Bununla birlikte Uzakdoğu ülkeleri kapılarını kapadı ve yakın dönemde pek açmayacak gibiler. Amerikadan kısa dönemde yurt dışı uzak seyahat yoğunluğu pek beklenmiyor. Bu bağlamda konsantre olunması gereken yer Avrupa olacak.
Doğudan başlarsak, Rusya ve Ukrayna büyük bir olasılıkla yine sadece Türkiye, Mısır, Tanzanya ve belki biraz Yunanistan birazda Kıbrıs’a yoğunlaşacak. Temmuzda sıcaklıklardan dolayı sadece Yunanistan ve Türkiye seçeneği kalır. Normal şartlarda en az 500 milyon seyahatin gerçekleştiği Avrupa’dan bu yıl günümüz koşullarında yıl kötü olasılıkla yüz , iyi olasılıkla ikiyüz milyon seyahat gerçekleşebilir. Akdeniz ülkeleri, bu yıl diğer bölgelerin kapalı veya uzak olması dolayısı ile önemli ölçüde öne çıkacaklar . Yunanistan ve Adalar, İtalya, Portekiz, İspanya, Hırvatistan, Türkiye , Mısır ve Bulgaristan en güçlü adaylar. Bu ülkeler 4 ay içinde 100-200 milyon turisti ağırlayabilir mi? Türkiyesiz çok zor. O yüzden bu ülkeler içinde yatak kapasitesi ve uçak bağlantıları en güçlü ülke olan Türkiye’ye ihtiyaç var.

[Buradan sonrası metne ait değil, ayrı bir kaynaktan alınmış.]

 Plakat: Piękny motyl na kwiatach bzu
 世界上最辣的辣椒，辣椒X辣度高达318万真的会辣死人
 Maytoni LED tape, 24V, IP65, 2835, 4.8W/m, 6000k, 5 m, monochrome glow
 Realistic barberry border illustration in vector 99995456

Tahmin yapmak, öngörüde bulunmak bu yıl gerçekten çok zor , zira tahmin yapabilecek veriler her an değişiyor. “5-6 milyon Rus gelir”dediğimiz gün Rusya uçuşları durdurdu.” İngiliz patlaması olacak” diye sevinirken İngilizler Türkiye’yi kırmızı listeye aldılar. Her şey her an değişirken tahmin çok zor, 6 milyon da olur, 30 milyon da . Bu artık biraz bizim diplomatik başarımıza bağlı. Herşey yukarıda özetlediğim haliyle seyir ederse, 2020 yılının biraz üstünde sezonu kapatabiliriz ki , bu bile büyük başarı olur.

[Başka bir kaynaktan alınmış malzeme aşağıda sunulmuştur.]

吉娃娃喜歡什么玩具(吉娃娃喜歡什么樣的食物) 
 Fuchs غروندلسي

PCR test ve aşı halka ve turiste güven veriyor
Önemli bir konu ile yazımı sonlandırayım. 16 ülkeden gelişlerde Pcr test zorunluluğunu 15 mayısta kaldırıyoruz. Korona tehlikesinin henüz geçmediği bu dönemde , belki turist yoğunluğu yaratmak için alınan bu karar bence tekrar gözden geçirilmeli. Zira bahsi geçen ülkelerin çoğu uzak doğuda ve bu yıl oradan bir hareketlilik zaten beklenmiyor. Ayrıca bu ülkelerden ülkemize önemli bir trafikte yok. Mesela Hong Kong’tan 2019 yılında Antalya’ya sadece 9 kişi geldi. Ayrıca Hong Kong’un Korona ve aşılanma sürecindeki verileri de pek şeffaf değil. Keza Tayvan, Tayland, Avustralya, Yeni Zelanda, Singapur, Vietnam da şu dönemde Türkiye için olmazsa olmaz ana pazarlar değiller. Hepsi bir Polonya etmiyor. Japonya ve Çin kısa vadede zaten yurt dışını kapadı. Geriye kalan Ukrayna ve İngiltere önemli pazarlar ve mutlaka gelmeliler ama test ya da aşı yapılarak gelmeleri ülkemizdeki turizm hareketini azaltmayacağı gibi , diğer ülkelerden gelecek turistleri de rahatlatacaktır. Unutmayalım, başından beri ısrarla üstünde durduğumuz ‘güvenli turizm’ ile yola devam etmeliyiz. Ayrıca halk arasında korona süreci ile turiste ve turizme karşı oluşan yanlış algıyı da göz ardı etmemek gerekiyor. Hem dünyada hem Türkiye’de halk hiç bir zaman korona sürecindeki turizme bu kadar uzak , kızgın ve kırgın değildi.
Dünyada testsiz ya da aşısız bir turizm hareketi en azından 2021 yılında neredeyse hiç yok.
Bu kararın tekrar gözden geçirileceğini ümit ediyorum.